**Material for this exercise**
__________
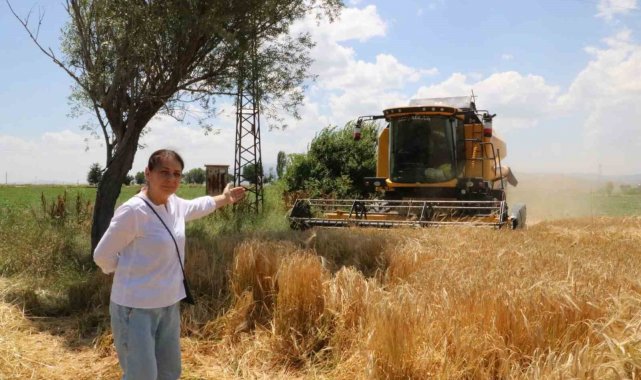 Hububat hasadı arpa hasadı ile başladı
__________
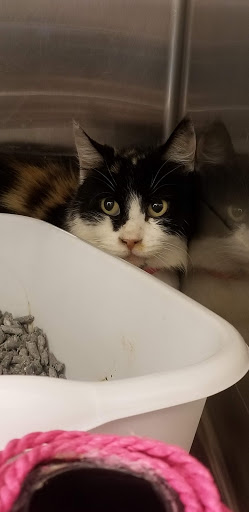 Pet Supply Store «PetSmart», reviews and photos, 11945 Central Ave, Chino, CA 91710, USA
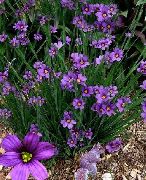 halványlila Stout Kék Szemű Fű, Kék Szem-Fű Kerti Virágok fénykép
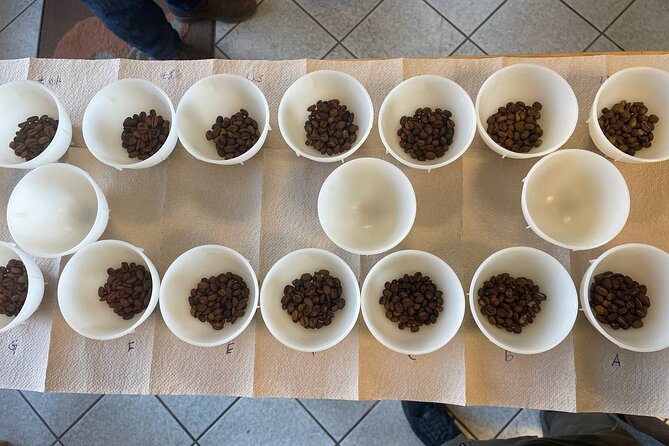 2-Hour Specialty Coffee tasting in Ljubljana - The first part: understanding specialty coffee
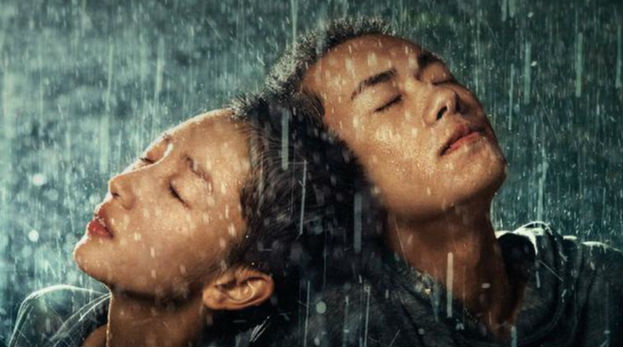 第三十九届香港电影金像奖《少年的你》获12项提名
__________
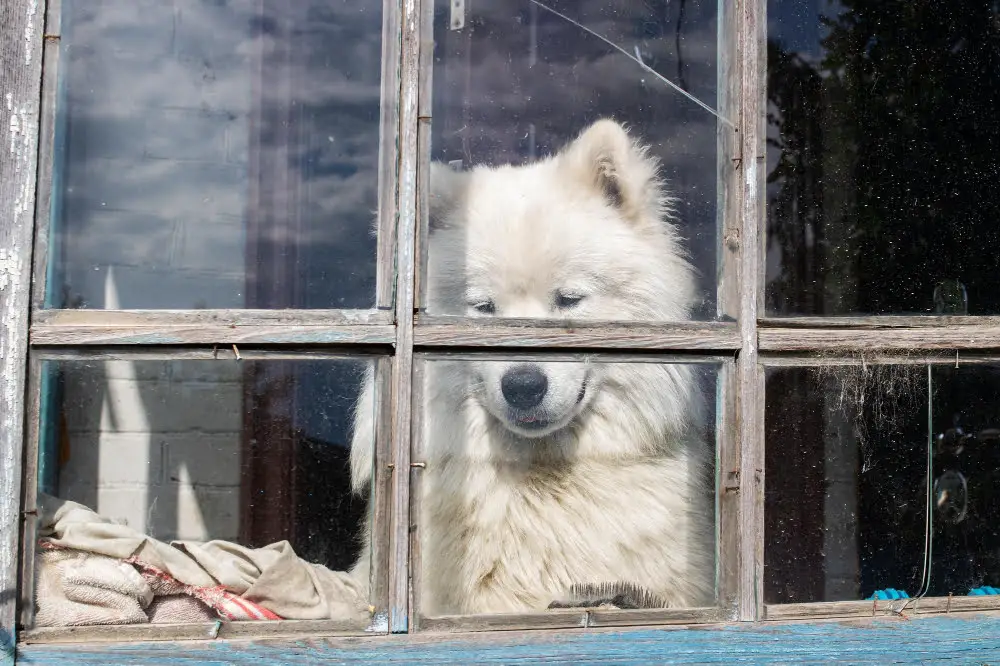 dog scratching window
__________
**How to complete this task**
Using the data above, set down each line from the line with "halványlila Stout Kék" to the line with "第三十九届香港电影金像奖《少年的你》获12项提名" exactly, both ends included, and leave the pictures behind. Nothing else belongs.

**Reply to the exercise**
 halványlila Stout Kék Szemű Fű, Kék Szem-Fű Kerti Virágok fénykép
 2-Hour Specialty Coffee tasting in Ljubljana - The first part: understanding specialty coffee
 第三十九届香港电影金像奖《少年的你》获12项提名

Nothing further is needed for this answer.